The Statement requires recognition of the funded status of postretirement benefit plans in the statement of financial position. An employer must recognize an asset or liability in its statement of financial position for the differences between the fair value of the plan assets and the projected benefit obligation (PBO)(pension plans), or the accumulated postretirement benefit obligation (APBO) (other postretirement plans). Changes in the plans’ funded status must be recognized, in the year of change, in accumulated other comprehensive income (AOCI). The Statement also will require entities to measure the funded status of the plans as of the date of the year-end statement of financial position, with a few exceptions. Adoption of this pronouncement is effective for the Company in fiscal 2007. The recognition provision will be adopted in the fourth quarter of fiscal 2007.

Based on June 30, 2006 information, FAS 158 would require an adjustment to increase the Company’s accumulated other comprehensive loss in the amount of $12.0 million (before tax effect), which represents the excess of the Company’s net prepaid ($34.5 million) over the Company’s PBO funded status ($22.5 million).

In addition, the amount will be offset by an increase in AOCI due to the retiree medical plan. This plan would have an increase to AOCI in the amount of $4.0 million (before tax effect), which represents the excess of the Company’s accrued benefit liability ($16.7 million) over the Company’s APBO funded status ($12.7 million).
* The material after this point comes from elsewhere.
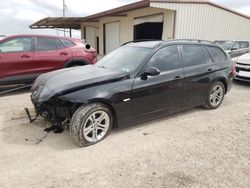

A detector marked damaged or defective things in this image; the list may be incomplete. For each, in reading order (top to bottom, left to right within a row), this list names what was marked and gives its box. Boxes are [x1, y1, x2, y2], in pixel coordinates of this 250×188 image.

dented hood [31, 65, 128, 103]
The estimated net result would be a decrease in AOCI of $8.0 million (before tax effect).


8

The FASB recently issued FASB Interpretation 48, Accounting for Uncertainty in Income Taxes: an interpretation of FASB Statements No. 109, which clarifies Statement 109, Accounting for Income Taxes, and indicates criteria that an individual tax position must satisfy for some or all of the benefits of that position to be recognized in the financial statements. Under Interpretation 48, an entity should evaluate a tax position using a two step process:
1.  
Evaluate the position for recognition: an enterprise should recognize the financial statement benefit of a tax position only after determining that the relevant tax authority would more-likely-than-not sustain the position following an audit.
2.  
Measure the benefit amount for a tax position that meets the more-likely-than-not threshold: The amount recognized in the financial statements should be the largest benefit that has a greater than 50 percent likelihood of being realized upon ultimate settlement with the relevant tax authority.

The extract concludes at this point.